Nur jeder fünfte Lieferant wird pünktlich bezahlt

Coface-Zahlungsstudie:-Nur-jedes-fünfte-Unternehmen-wird-pünktlich-bezahlt

Trotz der guten Konjunkturlage sind fast vier von fünf Unternehmen in Deutschland von Zahlungsverzögerungen betroffen. Über alle Unternehmensgrößen und Branchen betrachtet ist das zwar ein Rückgang um rund sechs Prozentpunkte gegenüber dem Vorjahr. Für 77,6 Prozent der befragten Unternehmen in Deutschland sind Zahlungsverzögerungen aber weiterhin Alltag.Dies ist das Ergebnis einer Befragung zu den Zahlungserfahrungen im Geschäft mit Firmenkunden, die Coface in diesem Jahr zum zweiten Mal durchgeführt hat.

 

„Im internationalen Vergleich erleben mehr deutsche Unternehmen Zahlungsverzögerungen als chinesische“, blickt Dr. Mario jung, Economist bei Coface in Deutschland, auch über die Grenze. In China berichteten in einer weiteren Coface-Studie rund 68 Prozent (2016: 80 Prozent) der Unternehmen von Zahlungsverzögerungen.
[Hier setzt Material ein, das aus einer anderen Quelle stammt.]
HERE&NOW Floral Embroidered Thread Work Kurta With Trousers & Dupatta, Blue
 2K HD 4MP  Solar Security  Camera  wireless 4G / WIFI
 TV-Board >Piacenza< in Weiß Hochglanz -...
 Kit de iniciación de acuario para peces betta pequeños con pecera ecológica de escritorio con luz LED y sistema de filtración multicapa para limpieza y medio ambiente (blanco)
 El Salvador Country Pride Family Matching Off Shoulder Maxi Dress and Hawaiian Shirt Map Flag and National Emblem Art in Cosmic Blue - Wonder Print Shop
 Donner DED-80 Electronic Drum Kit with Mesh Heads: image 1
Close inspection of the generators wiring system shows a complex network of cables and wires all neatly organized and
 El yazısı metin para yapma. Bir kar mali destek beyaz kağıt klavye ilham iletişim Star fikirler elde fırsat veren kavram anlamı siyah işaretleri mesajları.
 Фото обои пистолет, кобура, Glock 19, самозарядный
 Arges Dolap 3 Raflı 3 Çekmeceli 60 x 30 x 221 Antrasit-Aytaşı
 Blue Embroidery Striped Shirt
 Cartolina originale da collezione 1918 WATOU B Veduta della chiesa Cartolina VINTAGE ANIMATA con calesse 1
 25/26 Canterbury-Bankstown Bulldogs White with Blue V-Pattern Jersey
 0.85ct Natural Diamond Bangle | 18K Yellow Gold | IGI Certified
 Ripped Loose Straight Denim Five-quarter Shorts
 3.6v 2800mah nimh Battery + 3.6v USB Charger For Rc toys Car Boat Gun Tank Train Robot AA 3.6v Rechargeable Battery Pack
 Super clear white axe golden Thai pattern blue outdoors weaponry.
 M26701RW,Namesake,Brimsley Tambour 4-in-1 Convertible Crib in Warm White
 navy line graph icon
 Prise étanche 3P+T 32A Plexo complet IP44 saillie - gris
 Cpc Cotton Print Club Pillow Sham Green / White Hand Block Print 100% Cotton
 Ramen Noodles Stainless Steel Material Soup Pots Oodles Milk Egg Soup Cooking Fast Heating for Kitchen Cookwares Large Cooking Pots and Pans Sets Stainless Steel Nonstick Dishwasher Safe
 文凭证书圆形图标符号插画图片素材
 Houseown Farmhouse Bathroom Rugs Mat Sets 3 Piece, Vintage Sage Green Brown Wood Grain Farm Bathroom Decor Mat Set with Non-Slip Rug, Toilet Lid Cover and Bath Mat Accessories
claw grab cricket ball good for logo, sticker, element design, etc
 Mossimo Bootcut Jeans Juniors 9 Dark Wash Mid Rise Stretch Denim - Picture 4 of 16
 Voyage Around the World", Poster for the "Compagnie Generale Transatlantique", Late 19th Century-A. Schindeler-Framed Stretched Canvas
In der Befragung zur Region Asien/Pazifik lag der Anteil ebenfalls bei rund 68 Prozent (2016: 70 Prozent). In der deutschen Unternehmenslandschaft sind Zahlungsverzögerungen ausgeprägter bei den Unternehmen, die vorrangig im Exportgeschäft aktiv sind. Hier beträgt der Anteil mit Zahlungsverzögerungen über 87 Prozent (2016: 90 Prozent), bei den auf den deutschen Markt konzentrierten Unternehmen dagegen 75,9 Prozent (2016: 82,8 Prozent).

 

Im Schnitt 6 Wochen Verzögerung

Die Dauer von Zahlungsverzögerungen über alle Branchen hinweg liegt bei durchschnittlich 41,4 Tagen. Damit wird exakt der Wert aus 2016 bestätigt. Aber insbesondere in den Sektoren Textil/Leder/Bekleidung (54,5 Tage), Holz/Möbel (53,8) und Transportwesen (50,5) sind die Zahlungsstörungen deutlich länger. Dagegen weisen die Segmente Mechanik-/Präzisionsindustrie (25,0) sowie Automobile/Fahrzeugbau (31,9) die kürzesten Zahlungsverzögerungen auf.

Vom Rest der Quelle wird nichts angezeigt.